New York Openings: The Marrow, Red Gravy, and Todd’s Mill

Unlike TV sitcoms, spin-off restaurants in New York have a pretty good track record. An operator’s first venue tends to come the hardest. Follow ups provide a little more leeway, and the opportunity to branch out in interesting directions. New York newcomers The Marrow, Red Gravy, and Todd’s Mill all reflect evolving restaurateurs doubling down on established success.

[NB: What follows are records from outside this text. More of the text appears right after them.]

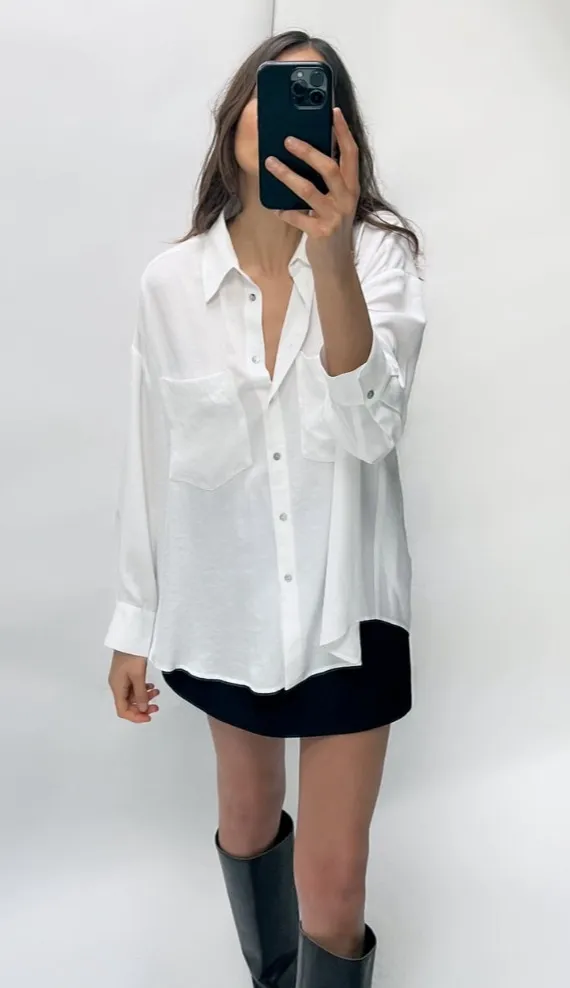 ZARA  |OVERSIZED SATIN EFFECT SHIRT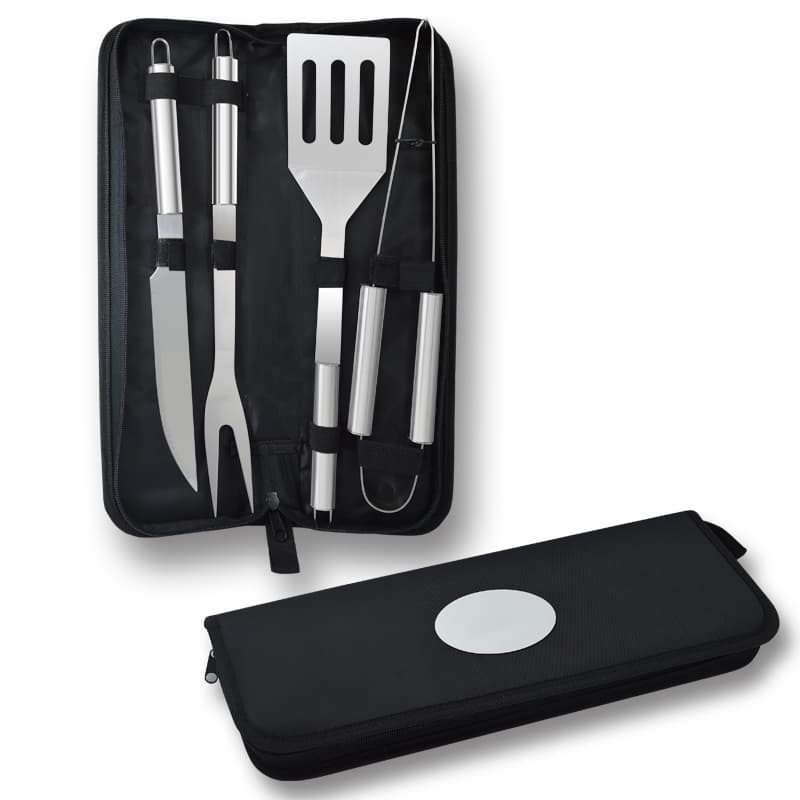 Kit Churrasco 4 Peças em Inox Personalizado - imagem 1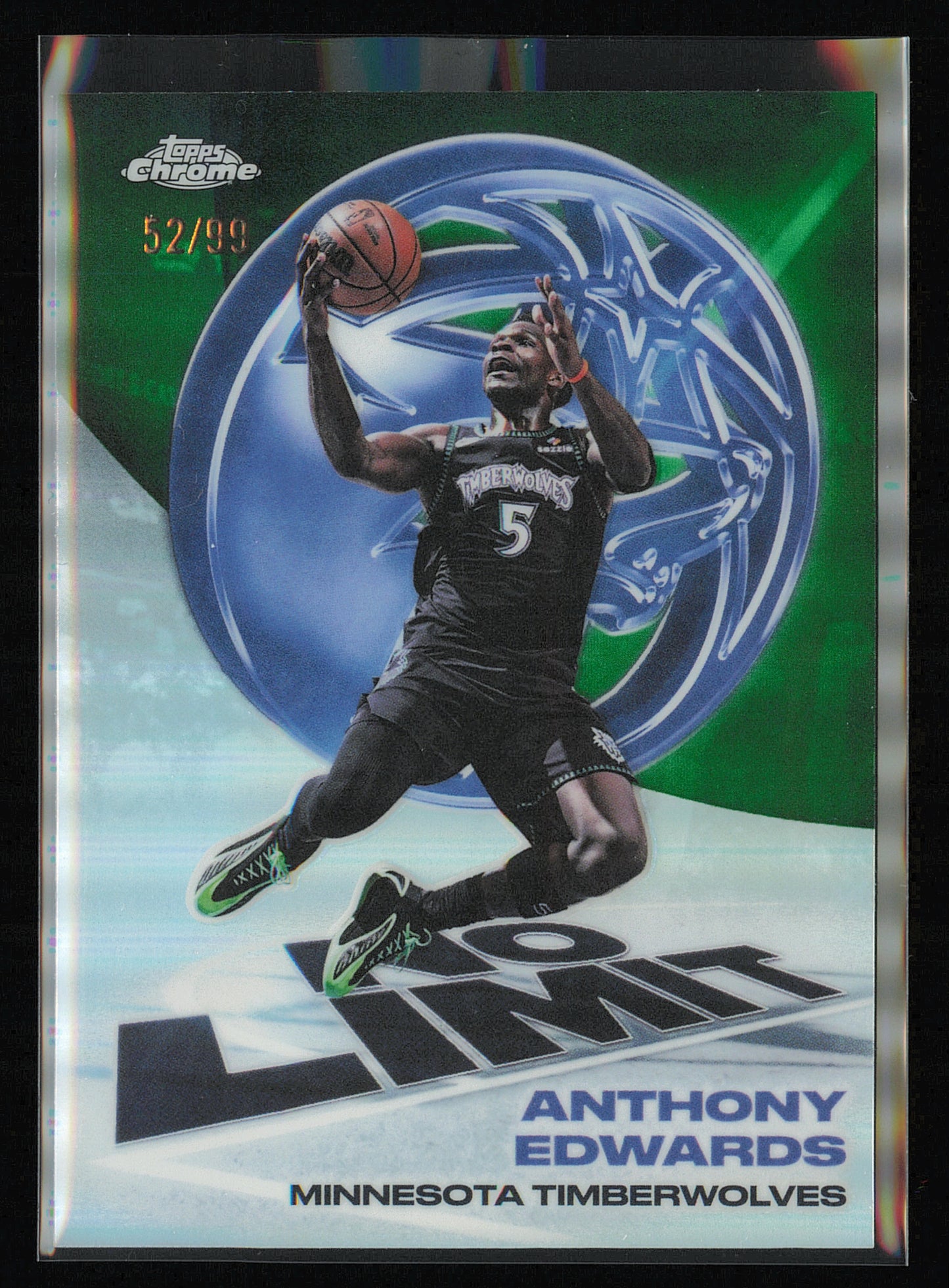 2025-26 Topps Chrome Update #IP-10 Anthony Edwards No Limit Green #/99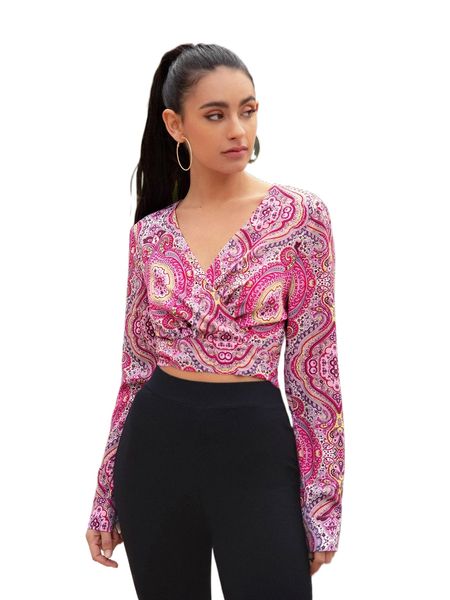 

floral surplice neck crop blouse l0oa#, White
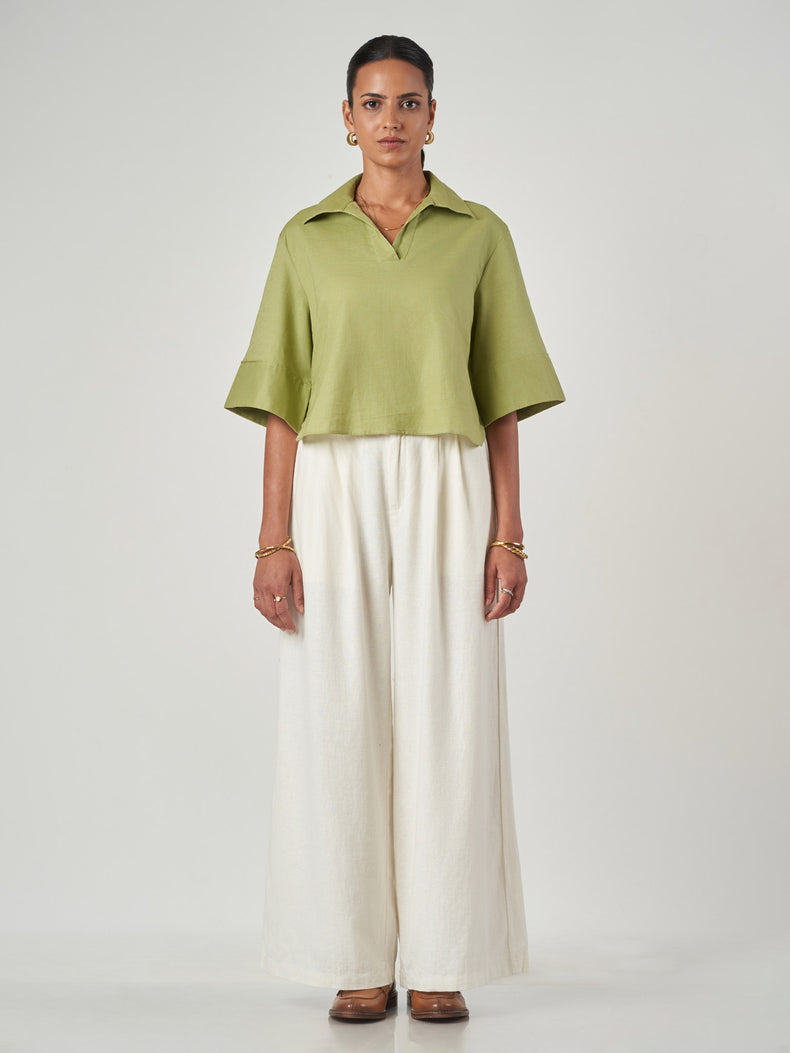 Green Cotton-Linen Oversized 3/4 Sleeve Shirt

Ur-Top Chef Harold Dieterle puts aside his Asian bag of tricks at The Marrow, his latest with partner Alicia Nosenzo. The former Paris Commune space now embraces the (once) fascist duo of Germany and Italy. Dieterle’s ancestry provides the connection to the cuisines. Namesake marrow is hard to resist, matched up with focaccia, lemon aioli, and sea urchin. Lamb neck comes braised in juniper, joined with rutabaga and red sauerkraut. The cocktail list is equally thoughtful, with a similar continental bent. Drink Rumple Minze in a classy way for once, synched with rum and Aperol in the Spritzle. The room is a mishmash, with patterned wallpaper, bright red accents, and a collection of antique cookware shelved to the side. If there’s any question that the real show is the food, look to the gleaming open kitchen.

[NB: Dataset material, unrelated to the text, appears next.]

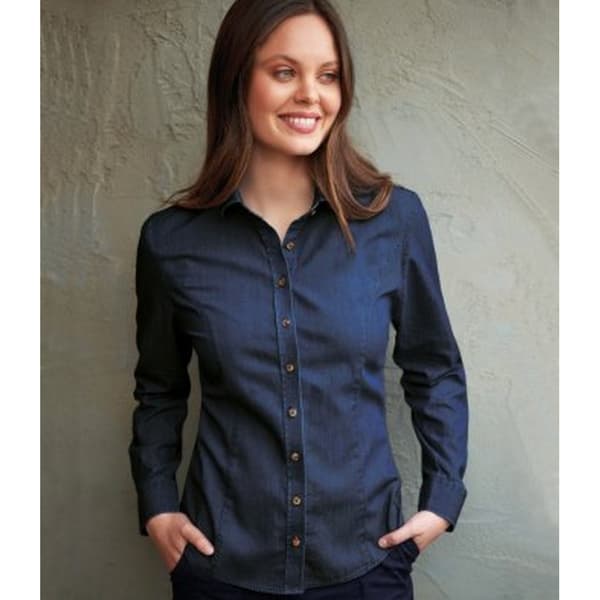 Brook Taverner Womens/Ladies Banff Long Sleeve Chambray Shirt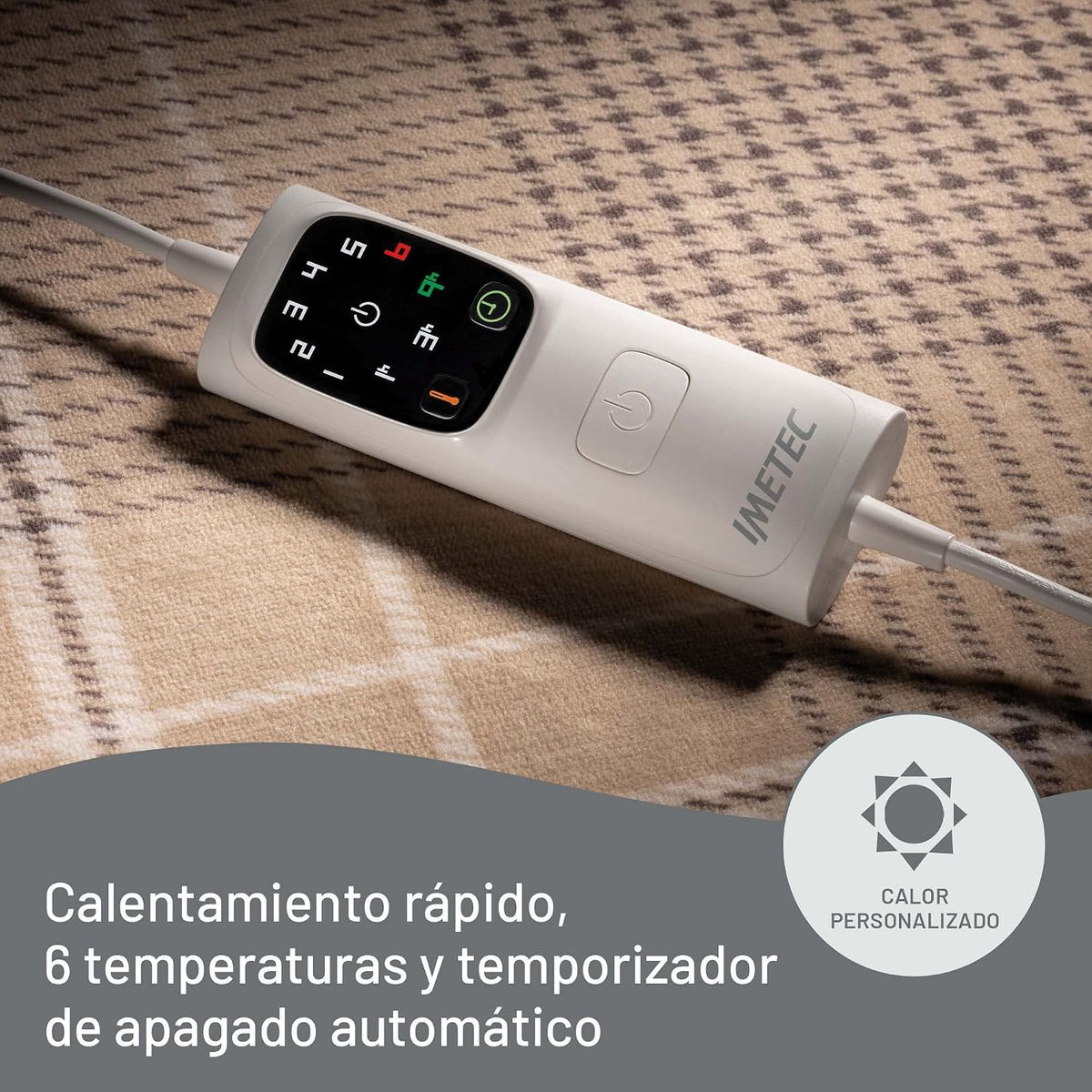 Imetec Adapto Elegance, Plaid Calefactable, Manta Eléctrica,Tejido Suave 180 x 140 Cm,Ahorro Energético,Tecnología Adapto, Óptimo, Calentamiento Rápido, 6 Temperaturas, Lavable,Marrón, 1.75 kilograms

Brooklyn legend Saul Bolton made his name with Saul, The Vanderbilt, and a Michelin star. For his latest attraction, Red Gravy, he turns his attention to Southern Italian. The restaurant’s name comes from a classic red sauce, which owns the Sunday slot in the piattos del giorno. All week long you can get started with a smart selection of charcuterie, crudos, and housemade mozzarella. Seasonal accents appear on the primi and secondi courses, think spicy lamb meatballs with orecchiette, or heritage pork and cranberry beans. There’s no slouching at the bar, either, as they’re packing homemade vermouth and amaros aged in the basement. The interior goes for a contemporary trattoria feel, with lovely exposed brick. It’s a little pricey for the nabe, but that’s what the pedigree exacts.

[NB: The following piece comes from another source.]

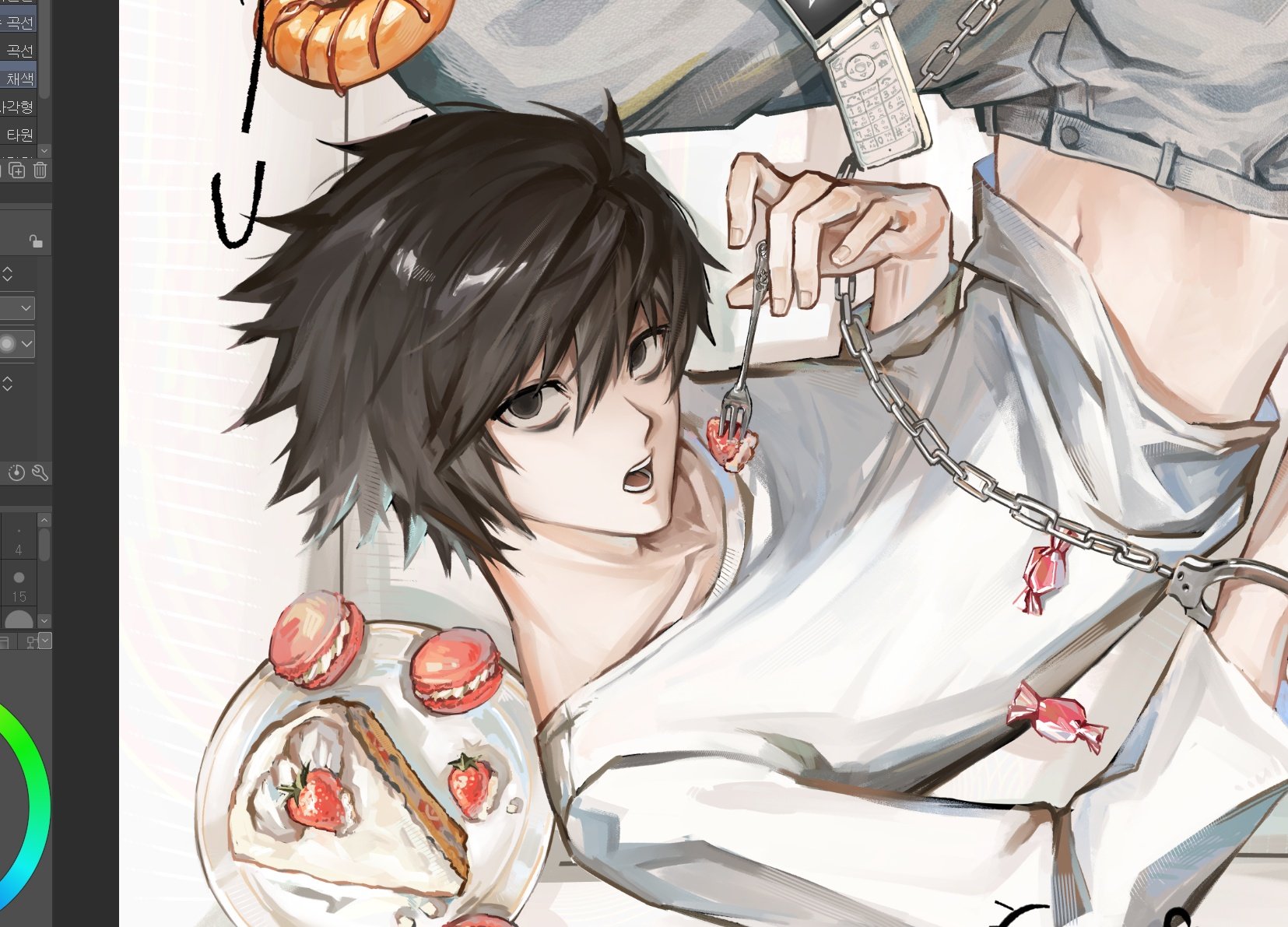l (death note), death note, commentary request, highres, korean commentary, 1boy, black hair, cake, cake slice, candy, cellphone, chain, donut, flip phone, food, fork, fruit, gamppan9, grey pants, holding, holding fork, macaron, male focus, midriff, navel, open mouth, pants, phone, shirt, short hair, solo, strawberry, white shirt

Matthew Suchomski, a one-time partner at Fort Greene’s No. 7, has recently crossed over to Manhattan with Todd’s Mill. The name comes from a small town in Illinois (Suchomski’s home state) founded by his family. The former Orchard space on the Lower East Side has been tricked out in rustic Americana. There are acres of wood, and mantels to spare on a series of antique fireplaces. The front bar is prime for sipping on whiskey cocktails and snacking on bar bites like ingeniously efficient ketchup-flavored fries. Appetizers work as conversation starters―seared veal tongue with wheat berries, or sweetbreads and a black pepper waffle. Mains will keep you in a patriotic mood, especially if you opt for the Berkshire pork chops with bacon-chestnut bread pudding and bourbon gravy.